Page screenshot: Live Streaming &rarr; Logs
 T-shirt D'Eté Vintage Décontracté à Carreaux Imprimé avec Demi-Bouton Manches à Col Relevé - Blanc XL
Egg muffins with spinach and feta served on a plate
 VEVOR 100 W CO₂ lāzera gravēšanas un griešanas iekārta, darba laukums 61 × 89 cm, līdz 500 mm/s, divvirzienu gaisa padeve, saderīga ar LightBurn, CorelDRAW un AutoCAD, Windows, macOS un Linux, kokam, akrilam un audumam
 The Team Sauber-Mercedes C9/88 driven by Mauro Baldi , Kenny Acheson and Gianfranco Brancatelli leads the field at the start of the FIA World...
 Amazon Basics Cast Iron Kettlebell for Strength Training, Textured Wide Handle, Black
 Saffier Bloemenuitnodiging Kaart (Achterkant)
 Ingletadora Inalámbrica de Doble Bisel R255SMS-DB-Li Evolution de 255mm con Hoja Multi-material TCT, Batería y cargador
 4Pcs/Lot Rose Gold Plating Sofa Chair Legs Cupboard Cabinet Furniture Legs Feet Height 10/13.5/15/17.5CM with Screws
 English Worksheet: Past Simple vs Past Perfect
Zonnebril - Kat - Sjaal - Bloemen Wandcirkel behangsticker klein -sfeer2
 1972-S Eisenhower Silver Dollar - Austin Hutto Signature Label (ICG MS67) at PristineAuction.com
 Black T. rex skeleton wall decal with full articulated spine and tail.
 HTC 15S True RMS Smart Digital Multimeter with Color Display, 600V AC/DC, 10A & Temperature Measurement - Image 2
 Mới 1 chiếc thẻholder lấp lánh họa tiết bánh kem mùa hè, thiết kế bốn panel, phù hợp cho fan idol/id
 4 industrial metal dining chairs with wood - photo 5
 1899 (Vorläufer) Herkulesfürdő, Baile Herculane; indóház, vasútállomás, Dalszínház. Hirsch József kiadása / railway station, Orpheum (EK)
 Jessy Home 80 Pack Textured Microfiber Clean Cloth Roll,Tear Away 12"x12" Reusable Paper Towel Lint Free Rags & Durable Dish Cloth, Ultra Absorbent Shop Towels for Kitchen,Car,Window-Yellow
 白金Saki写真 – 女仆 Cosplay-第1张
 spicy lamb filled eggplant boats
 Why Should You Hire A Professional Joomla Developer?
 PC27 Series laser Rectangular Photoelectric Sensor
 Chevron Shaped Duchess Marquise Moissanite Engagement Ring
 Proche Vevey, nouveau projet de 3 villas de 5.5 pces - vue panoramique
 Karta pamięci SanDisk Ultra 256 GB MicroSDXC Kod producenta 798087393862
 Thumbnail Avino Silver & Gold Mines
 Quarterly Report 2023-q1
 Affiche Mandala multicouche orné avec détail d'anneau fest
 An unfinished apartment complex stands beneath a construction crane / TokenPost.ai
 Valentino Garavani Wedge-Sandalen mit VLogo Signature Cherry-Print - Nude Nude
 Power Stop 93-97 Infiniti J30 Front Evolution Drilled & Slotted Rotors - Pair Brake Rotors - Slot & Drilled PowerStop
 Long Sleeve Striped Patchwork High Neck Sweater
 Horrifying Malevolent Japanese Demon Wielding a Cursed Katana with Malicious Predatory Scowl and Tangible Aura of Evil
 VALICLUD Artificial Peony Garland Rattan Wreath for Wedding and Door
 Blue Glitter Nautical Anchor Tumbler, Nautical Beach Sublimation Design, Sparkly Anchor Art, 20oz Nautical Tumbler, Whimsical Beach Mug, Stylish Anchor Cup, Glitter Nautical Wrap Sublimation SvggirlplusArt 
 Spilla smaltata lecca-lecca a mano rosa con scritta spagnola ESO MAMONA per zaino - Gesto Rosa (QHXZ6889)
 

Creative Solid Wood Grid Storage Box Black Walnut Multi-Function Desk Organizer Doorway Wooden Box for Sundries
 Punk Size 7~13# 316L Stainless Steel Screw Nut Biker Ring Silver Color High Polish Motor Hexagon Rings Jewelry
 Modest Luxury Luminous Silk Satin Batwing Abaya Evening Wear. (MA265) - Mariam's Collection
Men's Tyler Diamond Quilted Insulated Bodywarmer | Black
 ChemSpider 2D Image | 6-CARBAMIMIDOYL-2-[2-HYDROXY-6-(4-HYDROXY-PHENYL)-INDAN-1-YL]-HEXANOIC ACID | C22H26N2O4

▸ **YOUR TASK**
Pull each line containing the word "Color" out of the data above.

▸ **RESPONSE AREA**
 HTC 15S True RMS Smart Digital Multimeter with Color Display, 600V AC/DC, 10A & Temperature Measurement - Image 2
 Punk Size 7~13# 316L Stainless Steel Screw Nut Biker Ring Silver Color High Polish Motor Hexagon Rings Jewelry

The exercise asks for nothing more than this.